Somewhere, Congressman Joe Wilson is laughing.  That last statement by Cuellar probably gives away the game -- as noted by Ed Morrissey, the Caucus members probably just want an assurance from President Obama that he will indeed take up immigration reform this year, as he promised last year. But if the bill starts to look unlikely to pass, the votes against it could snowball based on people suddenly discovering "principled" reasons for opposition.
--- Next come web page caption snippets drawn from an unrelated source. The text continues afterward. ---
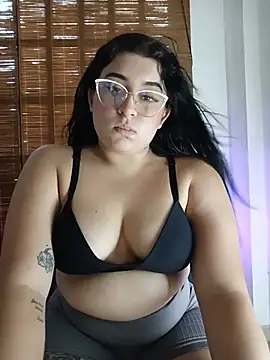 Show modela julietha_gonzales na web-kameri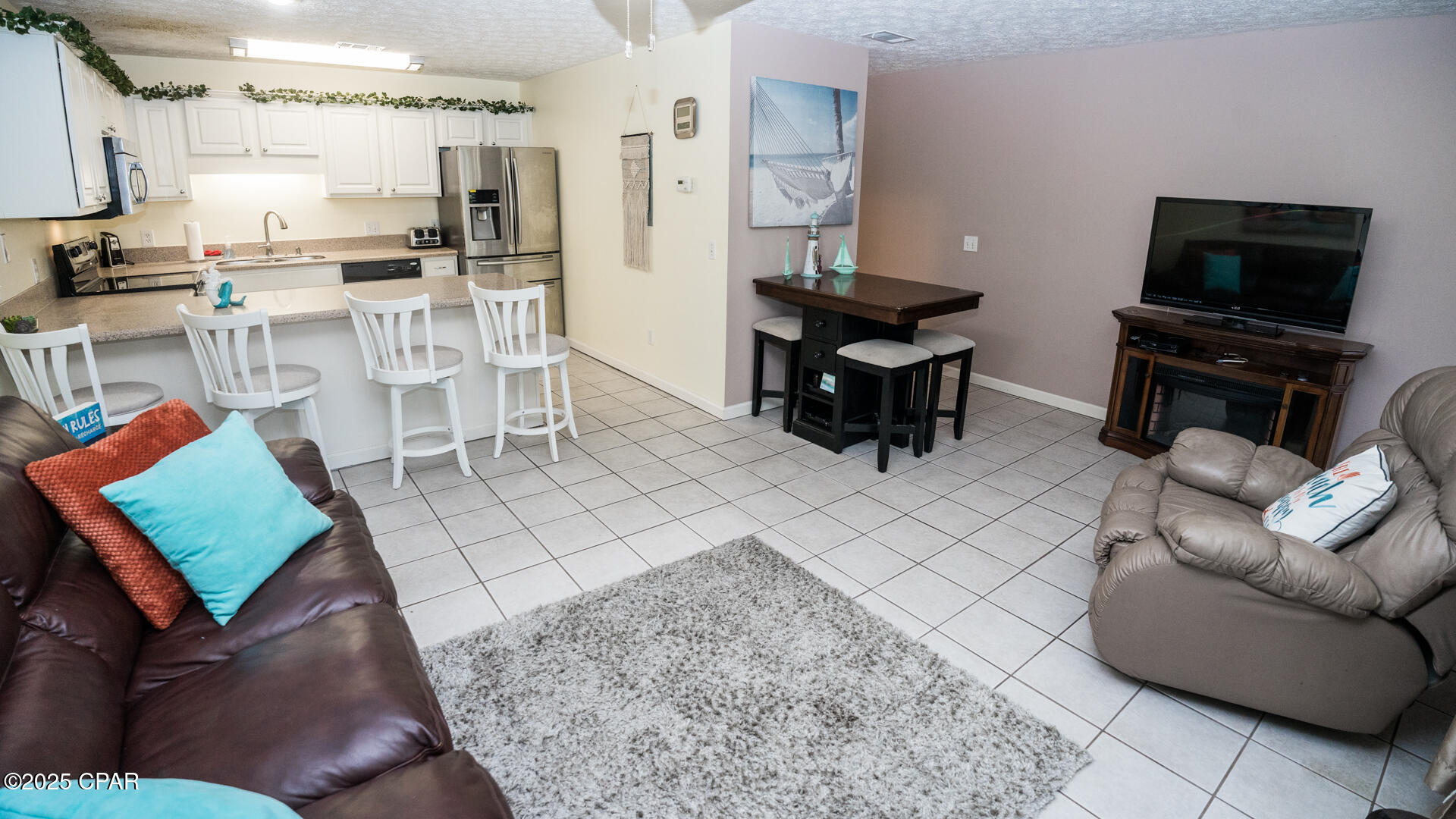 Image 6 For 17462 Front Beach  60202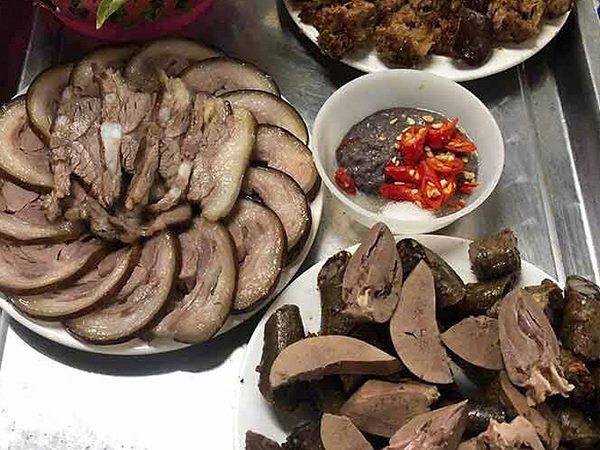 Nằm mơ thấy thịt chó dự báo điềm hung hay cát?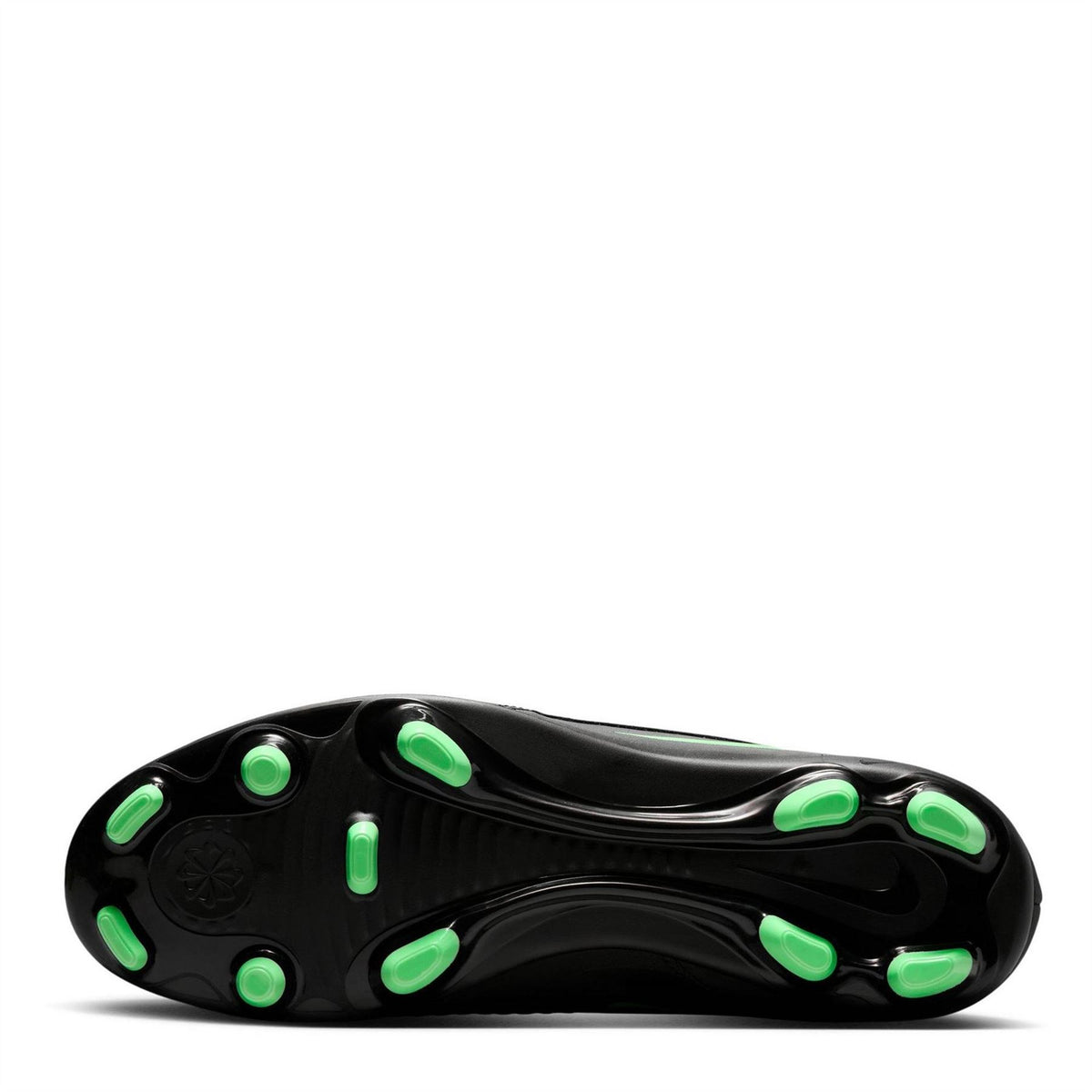 Nike Phantom 6 Low Club Adults Firm Ground Football Boots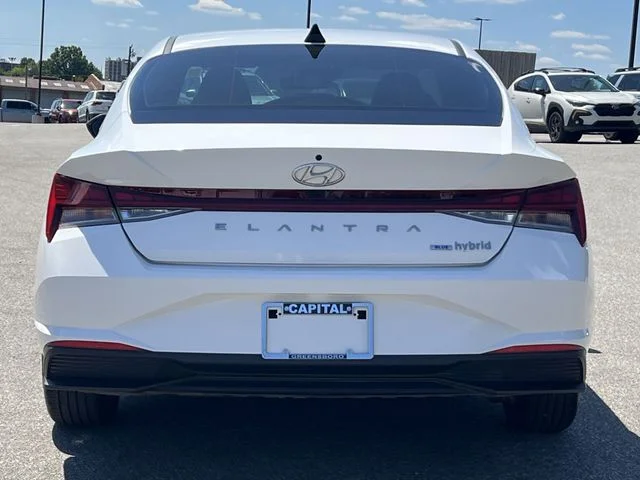 Used 2023 White Hyundai Blue image 12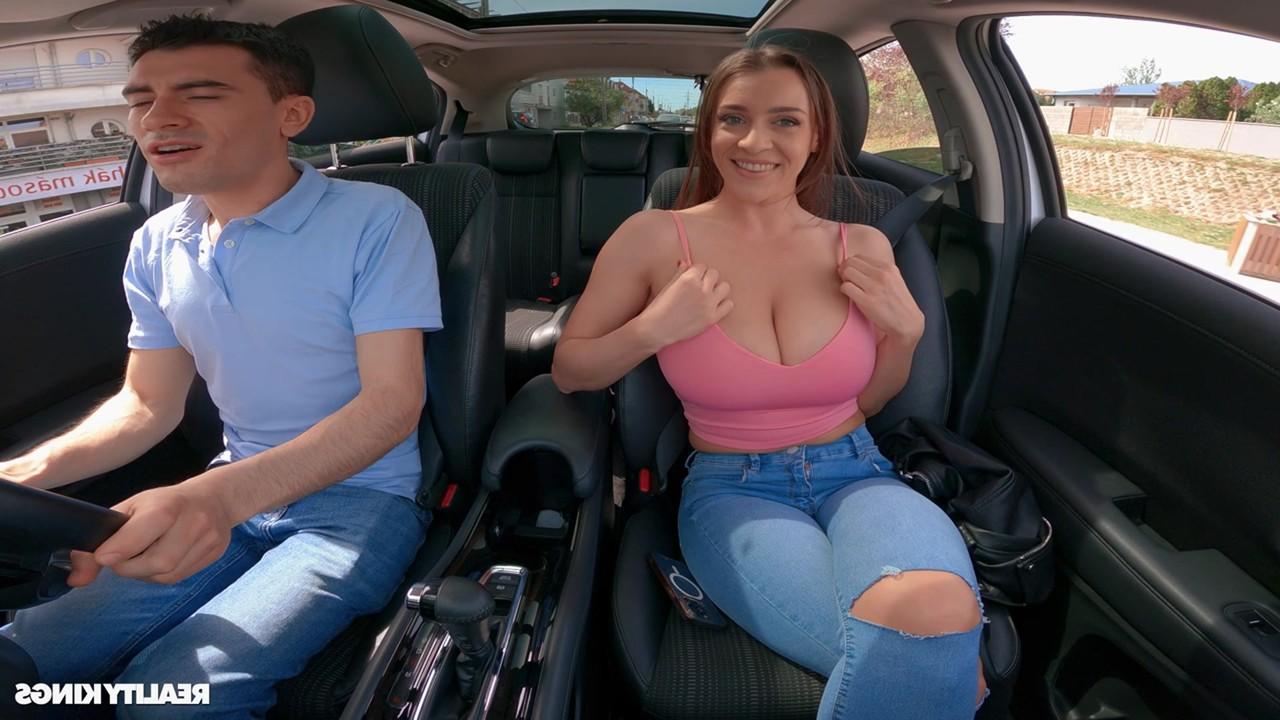 20P Estrela pornô com peitos grandes Josephine Jackson é fodida forte por um garoto latino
Meanwhile, perhaps we're getting closer to the final bill, or to a real end to it, as Speaker Pelosi and House Majority Leader Hoyer have now canceled all Committee hearings and gone behind closed doors with the party leadership, providing us with more of the transparent, open government promised by the President. Jake Tapper says a compromise bill is close to being complete.

Maybe they have the votes and are doing a little champagne toast in Ted Kennedy's honor or something, but I tend to think that if they had the votes, a vote would be scheduled before another Democratic congressman melts down in an ethics scandal (or worse, disclosed more details about what goes on in the House gym showers).

So do they have the votes?  My thought is that if they did, we wouldn't see ideas like this get floated...
House Rules Chairwoman Louise Slaughter is prepping to help usher the healthcare overhaul through the House and potentially avoid a direct vote on the Senate overhaul bill, the chairwoman said Tuesday. Slaughter is weighing preparing a rule that would consider the Senate bill passed once the House approves a corrections bill that would make changes to the Senate version.

Slaughter has not taken the plan to Speaker Pelosi as Democrats await CBO scores on the corrections bill. "Once the CBO gives us the score we'll spring right on it, " she said.
And I thought reconciliation was a bad idea politically. By contrast, this is toxic. The Heritage Foundation refers to this nicely as "procedural fraud." Forget the optics of the issue -- this is one sure way to guarantee that we'll be debating the legitimacy of the bill as law forever. In their fervor to pass the bill, Democrats are undermining Congress and the legitimacy of the legislative process. What's really bad is that I don't think I'm exaggerating, if they pursue this latest procedural flimflam. Deeming the bill passed -- I'm sure the Democrats will be chagrined when this gets used against them some day in the future.

As to whether they have the votes, Pelosi has already indicated the White House's March 18th deadline may not be workableMichael Barone says the votes don't look like they are there yet. We'll see if that changes, or if the Dems merely change the rules again -- maybe the Democrats will find a way to claim that a minority is a majority.